2023.2.24
2023.2.24
Kengo Kajita

「ツーソンジェムショーに行くことの特別感」を行ったことがない人に説明するには、どうしたら良いのか、言葉を選ぶのにはいつも苦心します。
会社としてやっていることは、端的に言えば「商品の材料を買い付ける」ということなのですが、そこに出かける僕たちにとっては、それ以上の何かが、そこにはいつもあるからです。
言語化しようとすればするほど、するりと逃げてしまうようで、一言では言い表せない「何か」。僕たちがたどり着いたその「何か」の本質を、少しでもこの文章で伝えることができたら良いのですが。
これまでも「ツーソンって夏フェスみたいなものなんだよ」とか、「石好きのコミケだよ」とか色々言ってきました。
その場にいる人たちが、売り手も買い手もボランティアで手伝っている人たちも、みんな宝石が大好きで、全員がこのイベントを楽しもうとしている雰囲気は、他のどのジュエリー見本市とも違っていて、強い紫外線を含む晴天と祝祭的な雰囲気も相まってフェスティバルの様相を呈しているからです。

そもそもアリゾナ州ツーソンという辺鄙な場所に、わざわざ来ているという感覚があります。宝石に携わっていなかったら、まず訪れる機会が無い街です。ツーソン空港に降り立つ時、窓から見える街の景色の味気なさは、豪華絢爛な宝石のイメージとは対局にあります。

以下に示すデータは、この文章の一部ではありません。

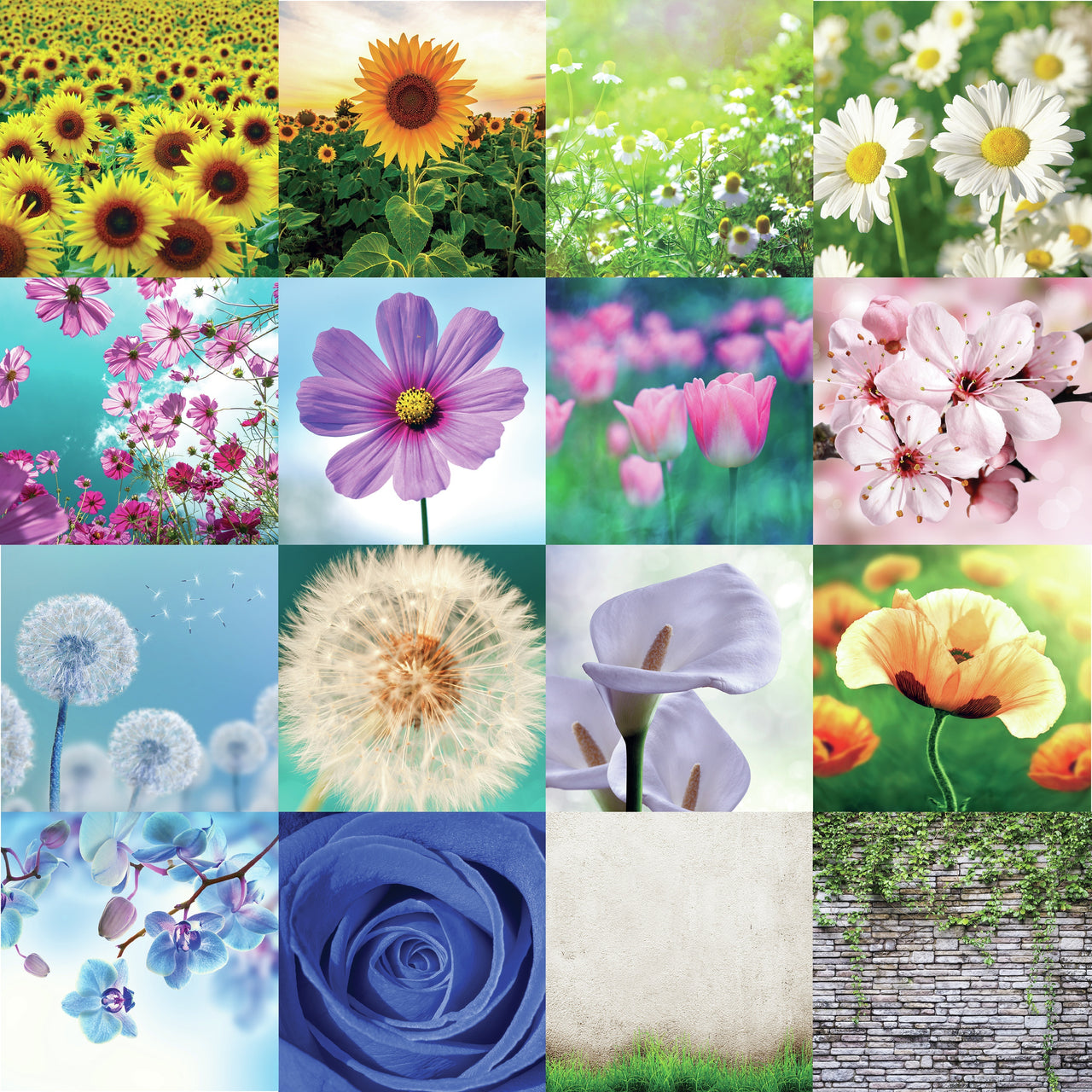 Reminisce Wildflower Double-Sided Cardstock 12"X12" 25/Pkg - Wall Of Ivy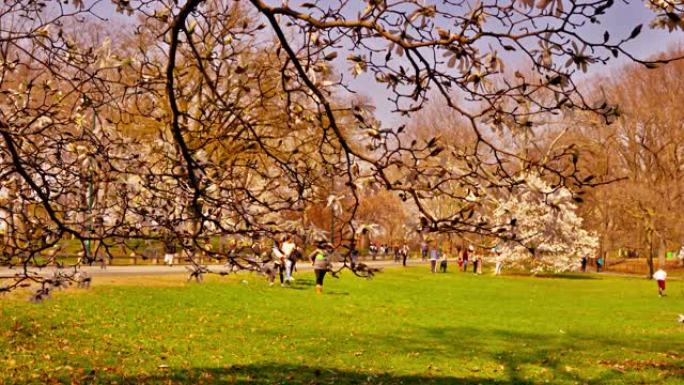 纽约中央公园的樱花。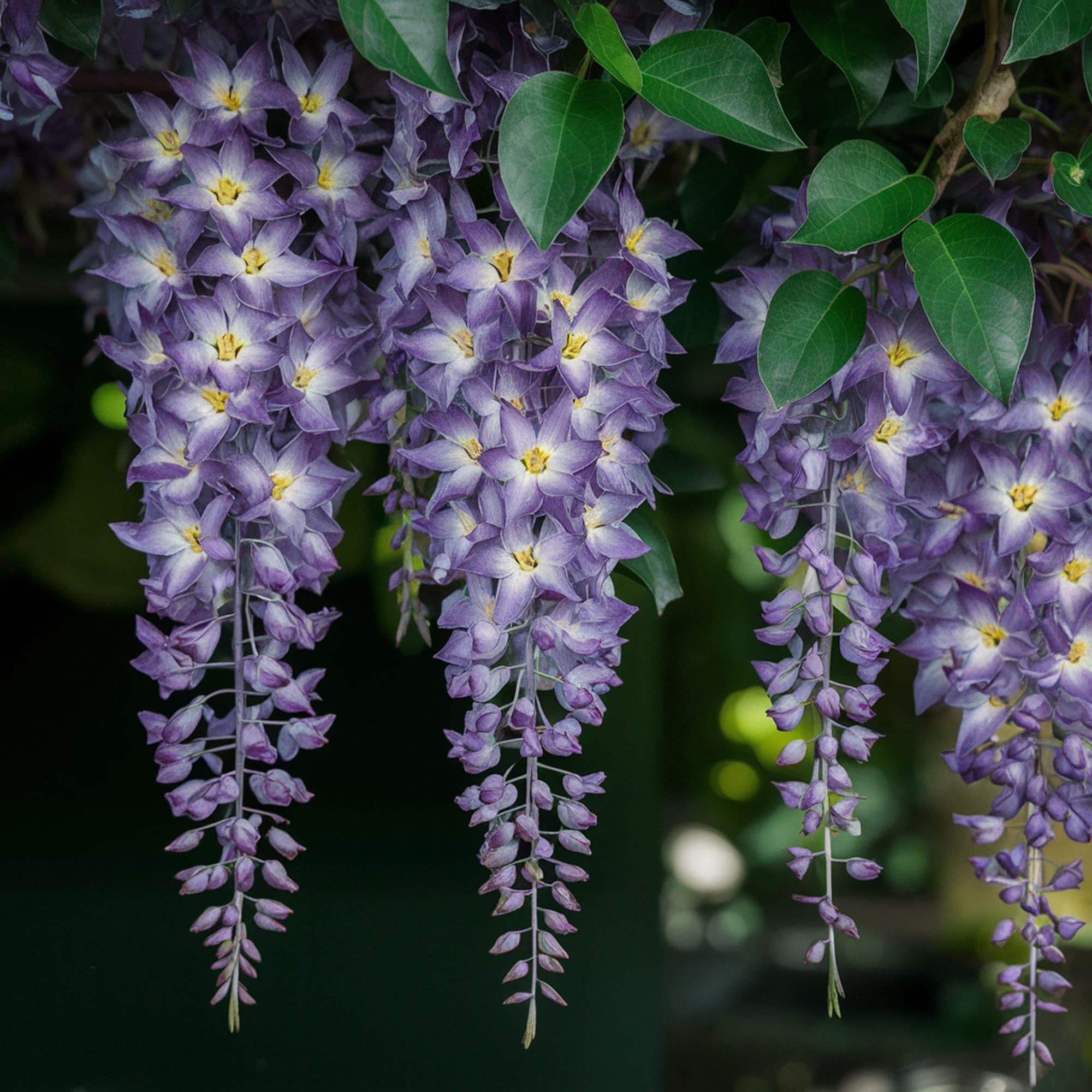 Wisteria Plant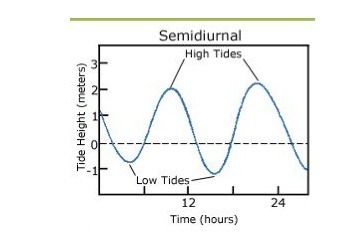 Most coastal areas on Earth experience two high tides and two low tides every lunar-example-1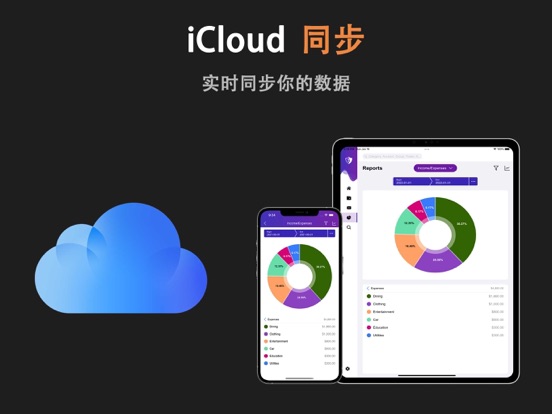 DayCost 2 - 记账财务专业软件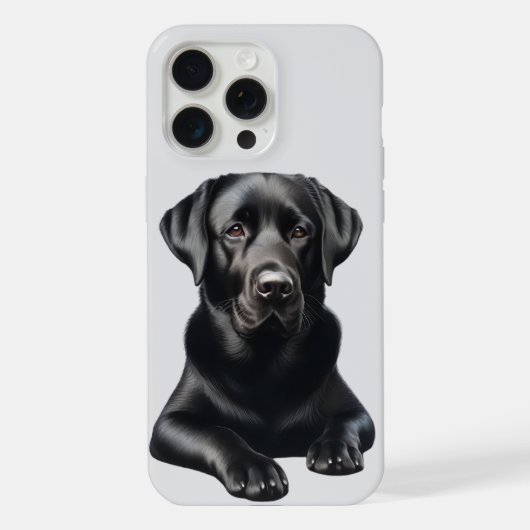 Chien Labrador noir (Verso)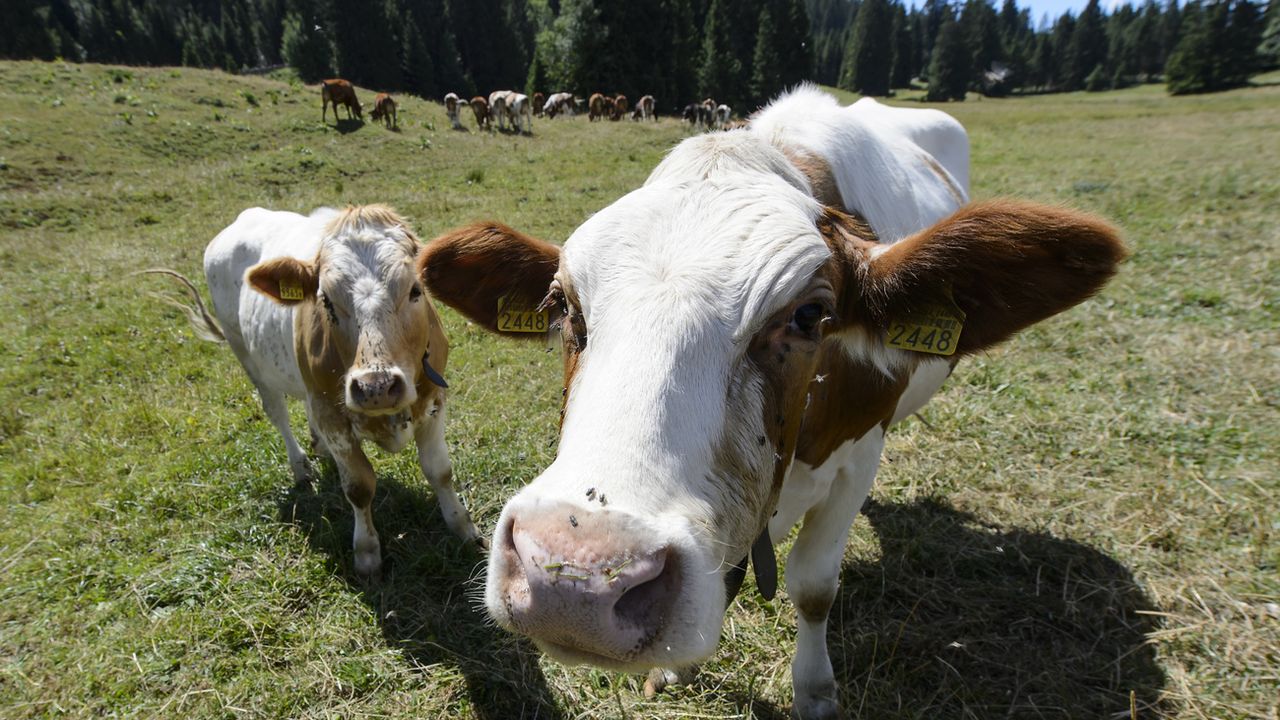 Créalait offre un nouvel écosystème à la filière laitière jurassienne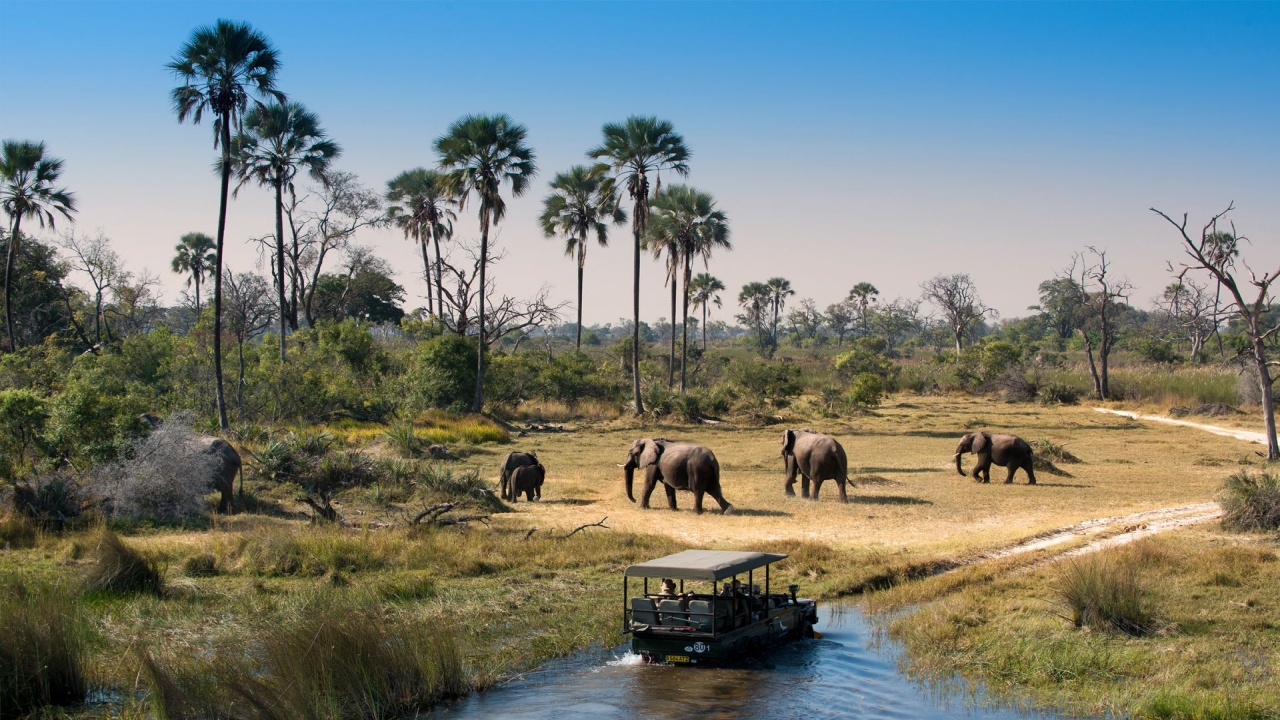 Nature Wonders OKAVANGO DELTA Botswana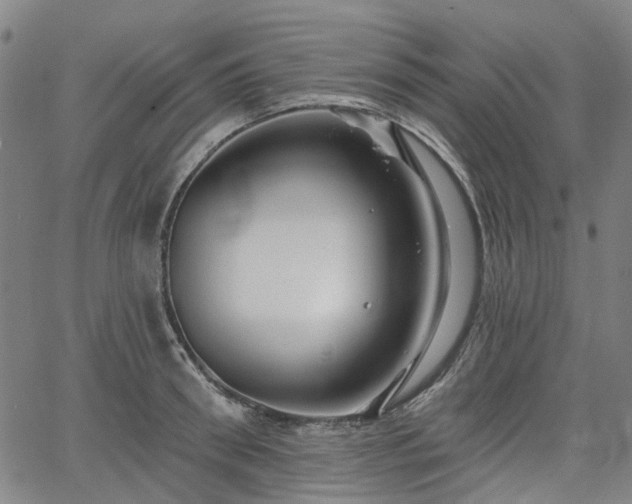 X0000065970898200603101354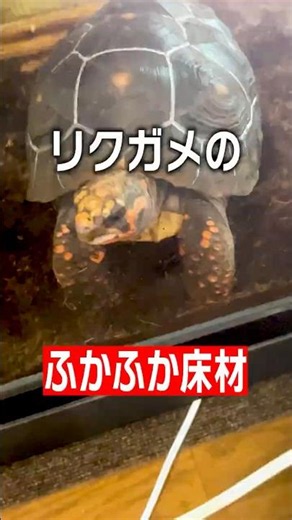 【リクガメ】何故床材を敷いているの？保湿性が高くコスパの良いヤシガラ【邑楽ファーム】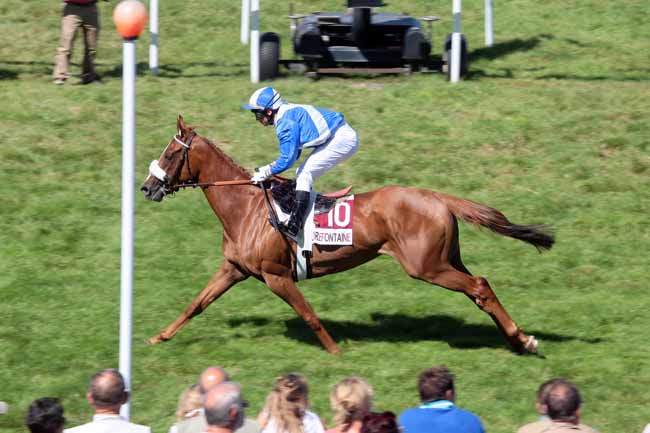 Arrivée quinté pmu PRIX DE NEPTUNE (PRIX PARI SIMPLE) à CLAIREFONTAINE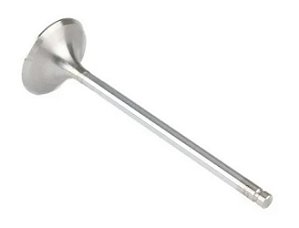 VALVULA ESCAPE BIZ 100/WEB 100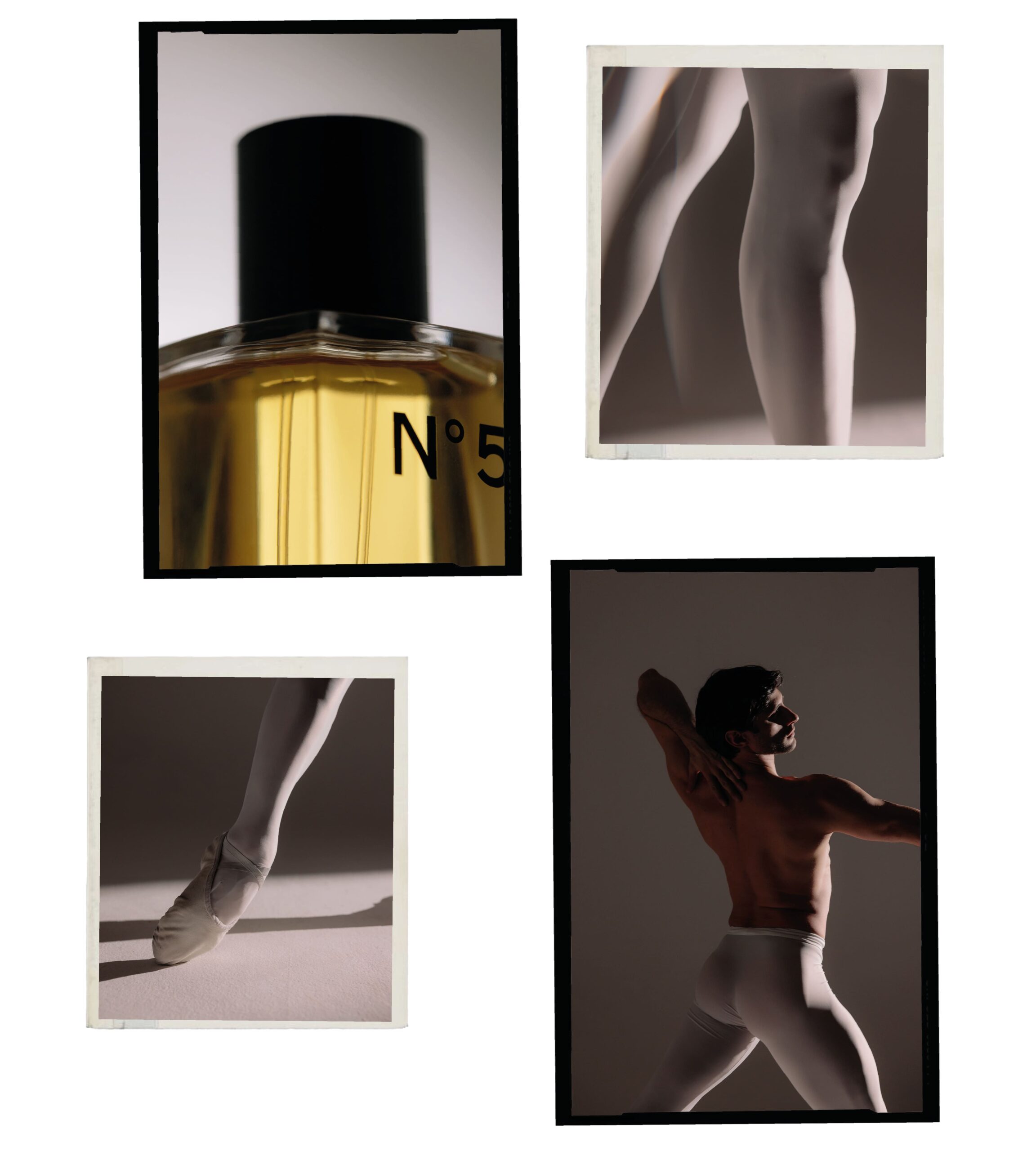 virna toppi e nicola del freo intervista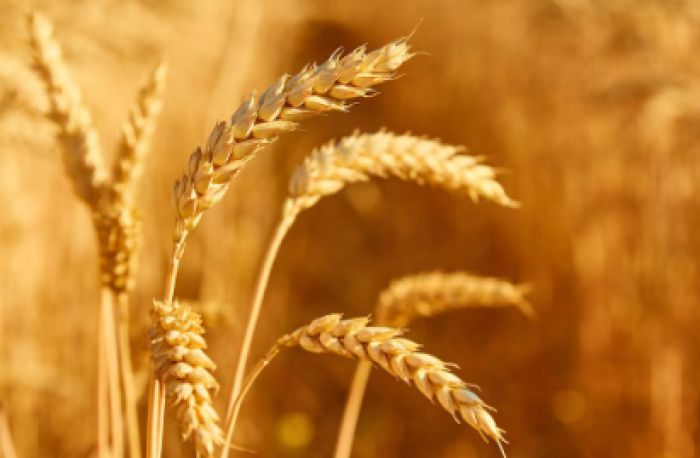 Kazakhstan harvests 61.6% of grain crops, threshes 13.5 million tonnes of grain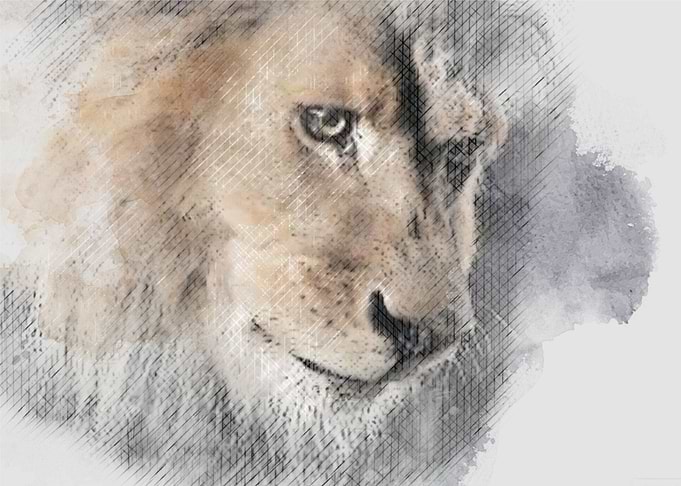 lion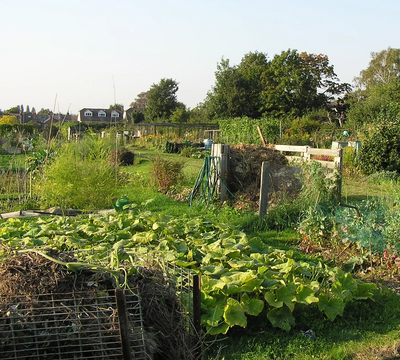 Alexandra allotment site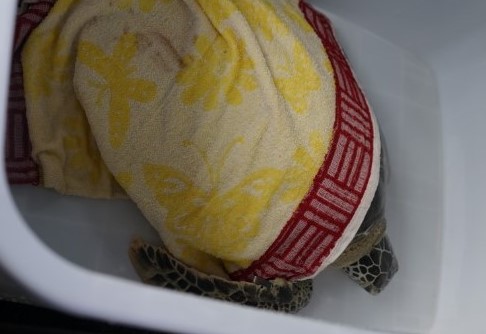 zeeschildpad in handdoek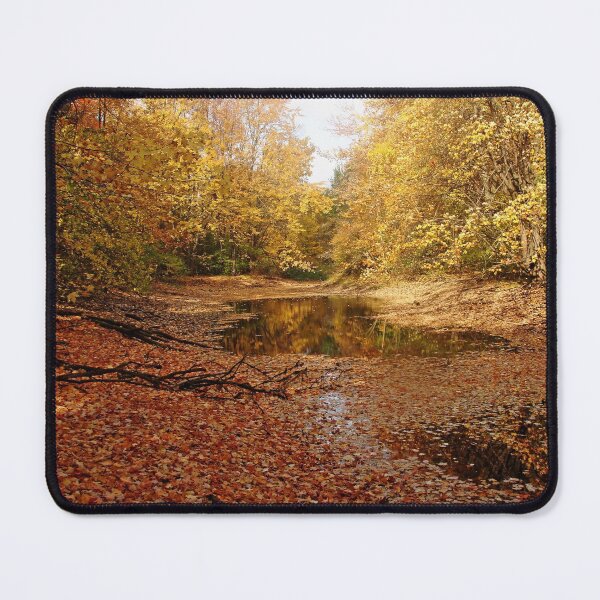 Item preview, Autumn Beauty At The Pond designed and sold by Debbie Oppermann.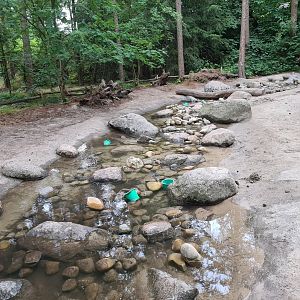 The Woods - Creek playground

砂漠の中にサボテンが生えているだけの、観光地も見所もない街。MLBもNBAもない街。
そんな場所に突如として期間限定で現れるのが、ツーソンジェムショーなのです。元々は、ペリドットやクォーツなどの雑多な原石が、申し訳程度に産出されていたこの辺りで、ささやかなフリーマーケットとして始まったのがイベント発祥の起源と言われています。それがいつしか、世界に類を見ない宝石のイベントになっているということに、アメリカの自由さとスケールの大きさを感じます。
そんな場所に来ている人間は(自分も含めて)「なかなかのもの好きだな」という共通認識があります。ビジネス上の損得合理性だけで考えると、ツーソンでの仕入れは割に合いません。特に日本を含むアジアから出かけるには、時間とコストが掛かり過ぎます。
けれどあなたが、たとえば好きなミュージシャンのコンサートや宝塚歌劇団の公演やアイドルのファンミーティングに行くときに、それが合理的かどうかなんて考えますか?
話の通じるあの人を誘って、チケットを取り、行く前からセットリストを想像して。大筋の内容は分かっているし、そこに行けば見たいものがあることも予想できているんだけど、それでも新しい発見に期待する気持ち。推しのまだ見ぬ一面に出会えるかもしれないワクワク感。そこにいた人だけが目撃する、「現場」が放つ偶然の必然性。

大好きなミュージシャンの公演の前に、ふらりと立ち寄って食べたラーメンの味が忘れられなかったり、その日の夜、コンサートの内容を振り返って興奮する同志と夜更かしして語り合ったり。もしそんな思い出の集積が、僕たちの人生を少しずつ彩っているのだとしたら、きっとツーソンに行くのはそんな体験に似ているのかもしれないと思うのです。
ツーソン空港に降り立ち、レンタカーの馬鹿でかいミニバンに乗って、とにかくまずはタコスでお腹を満たすことにしました。
Googleマップで見つけた最寄りのタケリアは、着いてみるとフードトラック。
2733-2801 E Valencia Rd, Tucson, AZ

フードトラックにGoogleレビューがついていることなんて、日本ではまず見たことがないけれど、1年ぶりのアリゾナの乾いた空気の中で頬張るタコスは最高に美味しくて、翌日からの宝石との出会いを予見するかのようでした。
2023年のツーソンジェムショーは、まずはそんなふうに、タコスの味とともに記憶されていくことになりました。